All participants underwent warm up and cool down for 10 min. It included slow cycling/slow walking on TM and stretching.
Exercise intensity: Participants of all three exercise groups were given the respective training until the participants reached rate of perceived exertion (RPE) of 7 on a 10 scale, that is, 'very hard' on the modified Borg's scale.

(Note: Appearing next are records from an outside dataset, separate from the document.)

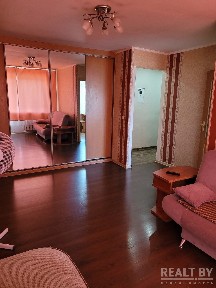 Снять 1-комнатную квартиру на сутки, г. Минск, ул. Козлова, 25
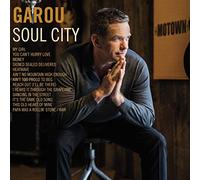 Garou – Soul City – CD – Édition limitée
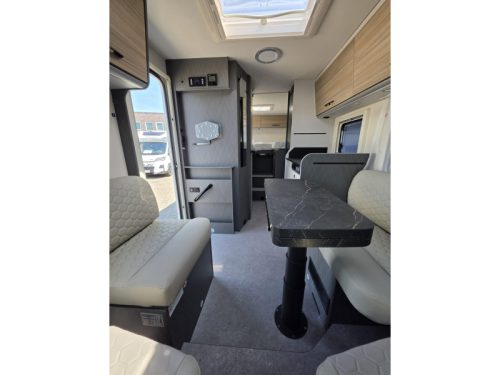 Etrusco V 6.8 SCF Single beds Face/Face photo: 3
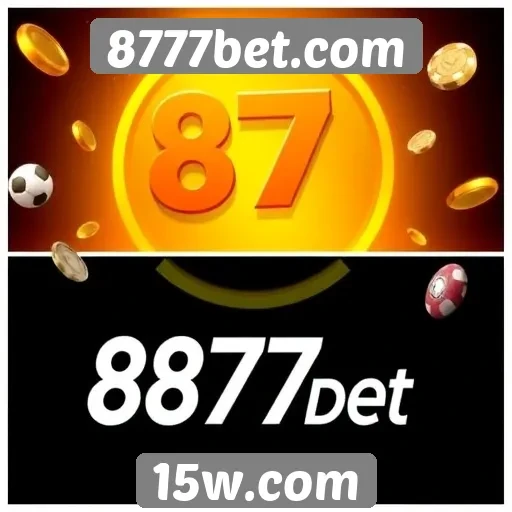 Bônus e promoções atraentes no 8777bet.com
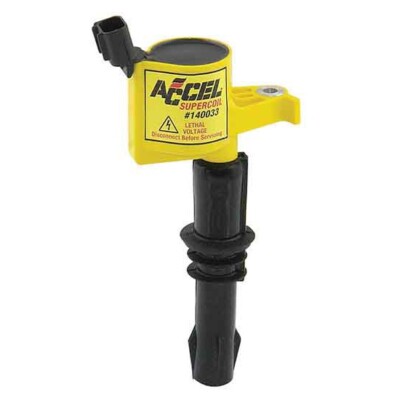 140033-8 Accel Set of 8 Ignition Coils for E150 Van E250 E350 E450 Explorer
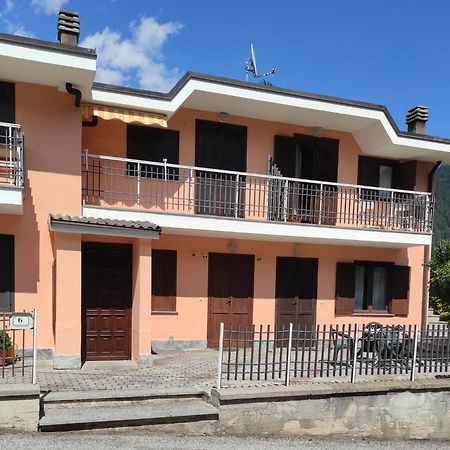 Villa La Rosa Prazzo Esterno foto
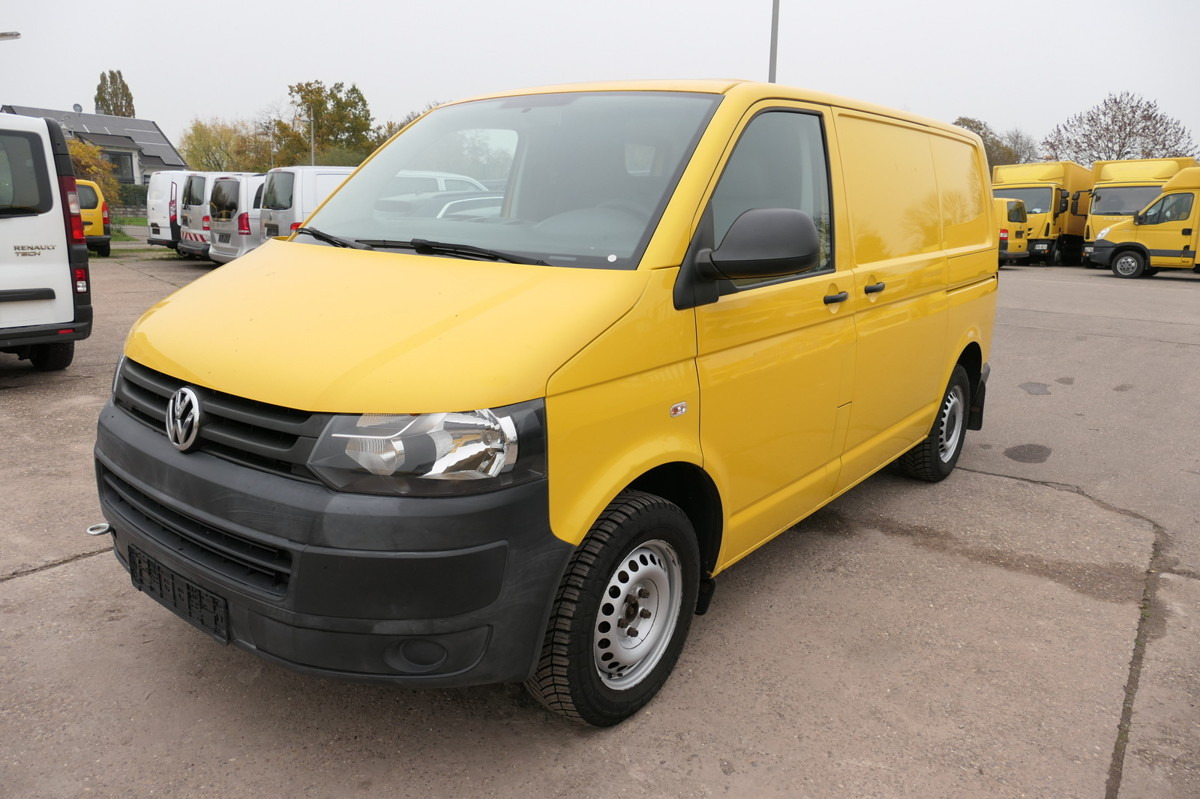 VW T5 Transporter 2.0 TDI EURO-5 CoC PARKTRONIK - Små varebil: bilde 2 VW T5 Transporter 2.0 TDI EURO-5 CoC PARKTRONIK - Små varebil: bilde 2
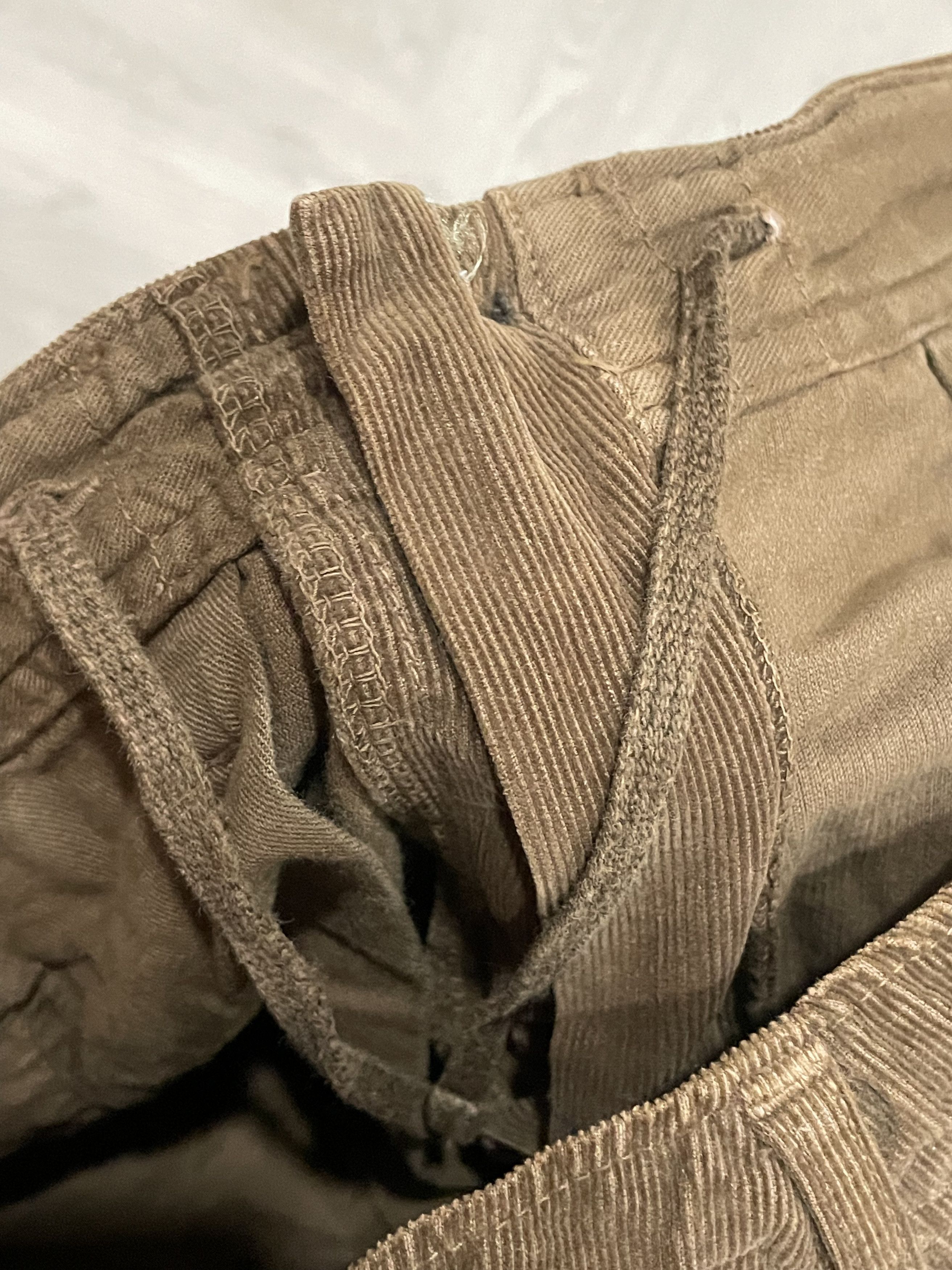 Spellbound SPELLBOUND CARGO CORDUROY PANTS Size US 30 / EU 46 - 11 Thumbnail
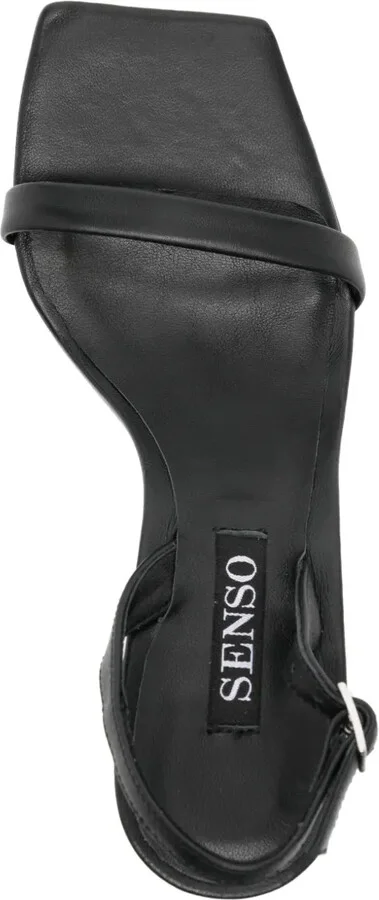 40mm Helena leather sandals - Image 4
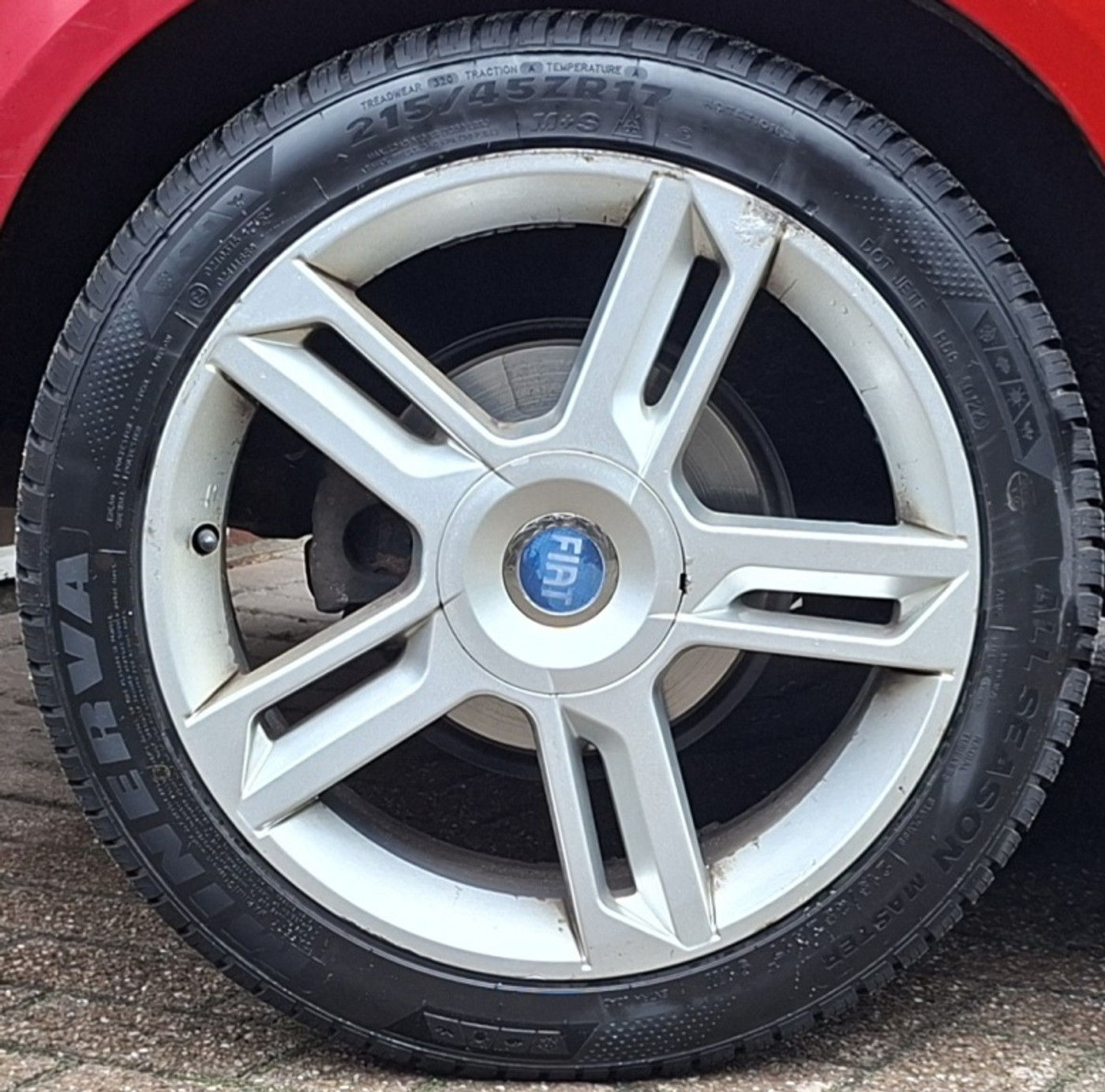 Foto van Fiat Fiat Stilo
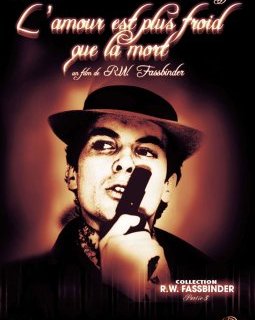 L'amour est plus froid que la mort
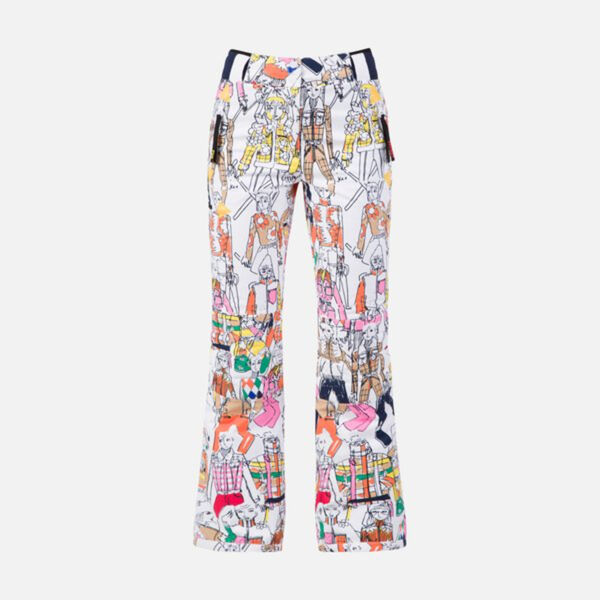 Rossignol JCC Sublime Stretch Pants Womens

Group 1: CT group performed 3 sets of 10 repetitions of each of the following circuits: Push ups, pull down, knee extension on quadriceps table, leg press, resisted hip abduction/adduction, resisted back flexion/extension, hamstring curls, bicep curls. Each circuit was performed at a resistance of 40% of 1 RM. As the strength increased, new 1 RM was assessed every 2 weeks. The circuits were continued till the participant reaches score of 7 on RPE scale
Group 2: TM training group performed TM training at a speed of 4 mph with 0% grade till RPE of 7
Group 3: SN training group performed modified SN (with a chair). The participants were demonstrated the steps before starting the training. SN was performed at a speed of approximately 1 step/second. They were asked to perform as many SN till they reach RPE of 7.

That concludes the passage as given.